右側の雪の斜面を斜上して岩の道を登ると、ようやく山頂に到着。
眼下に荷物を置いてきた火口丘の対岸が見下ろせます。
後立山連峰を背景に真っ白な天狗原山周辺~雨飾山
海谷山塊、昼闇山、高松山
眼下の北面台地にむけて一気に滑って行きます。
あっという間に遠ざかった山頂ドームに別れを告げてアマナ平に滑り込みます。
ちょっとの間平坦地を漕ぎ、少し登り返したら、林道に沿ってブナの疎林の中の滑走。
ベルトコンベヤー上の荷物の様にヘアピンカーブを流れていると、ぐんぐん里が近づいてきて、出発地に戻りました。
クルマで走ってきた早川の谷の右岸に続く放山~鉾ヶ岳の向こうは日本海。
眼下に荷物を置いてきた火口丘の対岸が見下ろせます。
周囲は想像をはるかに超える大展望が広がります。
こちらは東~南側。
火打山と妙高山。
その右、笹ヶ峰高原・乙見湖の向こうは黒姫、飯縄、高妻などの戸隠周辺の山々。
南西~北西にかけては、
大展望を満喫した後は、荷物を置いた場所まで戻り、往路をスキーで下って行きます。
急登してきた斜面を少し滑走し、ブッシュを渡り返したら、
先に滑り出した先行パーティーがなだらかな台地を下って行くのが見えますか?
●本日の反省…2回目なのにルートファインディングがいまいち。
北面台地までは2年前の記憶を頼りに進めば間違いないだろうと思っていましたが、実際に行ってみると当時の記憶がほとんどないことに気付いた。
認知力がヤバい。
曖昧な過去の記憶などあてにせず、正確な地形図・GPSのリアル情報を根拠として行動しなくては。

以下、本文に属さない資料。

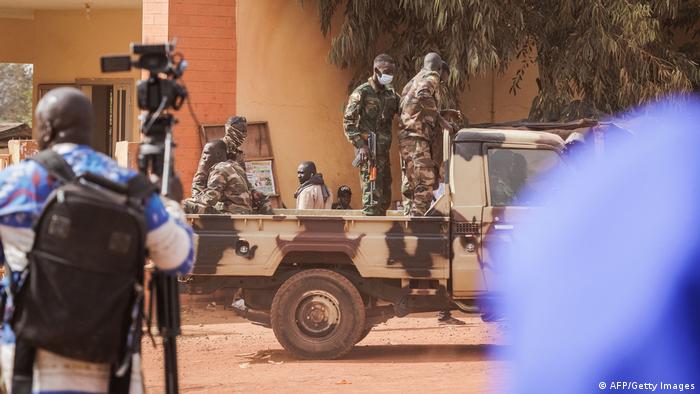 Mali begnadigt 46 ivorische Soldaten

北面台地は素晴らしいところだが、そこから先もさらに素晴らしかった。
もしかすると日本にしかない/日本を代表する山岳エリアかも。
山頂にこだわらず滑走目的のみであれば、標高2000mまででも同等の爽快感と充実感が得られると思います。
●2025年5月5日(祝)
ゆのかわうちキャンプ場(6:20)→第一ゲート(6:45)
→最終ヘアピンカーブ(7:30)→アマナ平(8:45)
→北面台地北端(10:00)→大曲(11:20)
→火口外縁(14:05)→焼山(14:30)
→火口外縁(14:40;滑走開始)→大曲(15:20)
→第二ゲート(16:10)
→ゆのかわうちキャンプ場(16:50)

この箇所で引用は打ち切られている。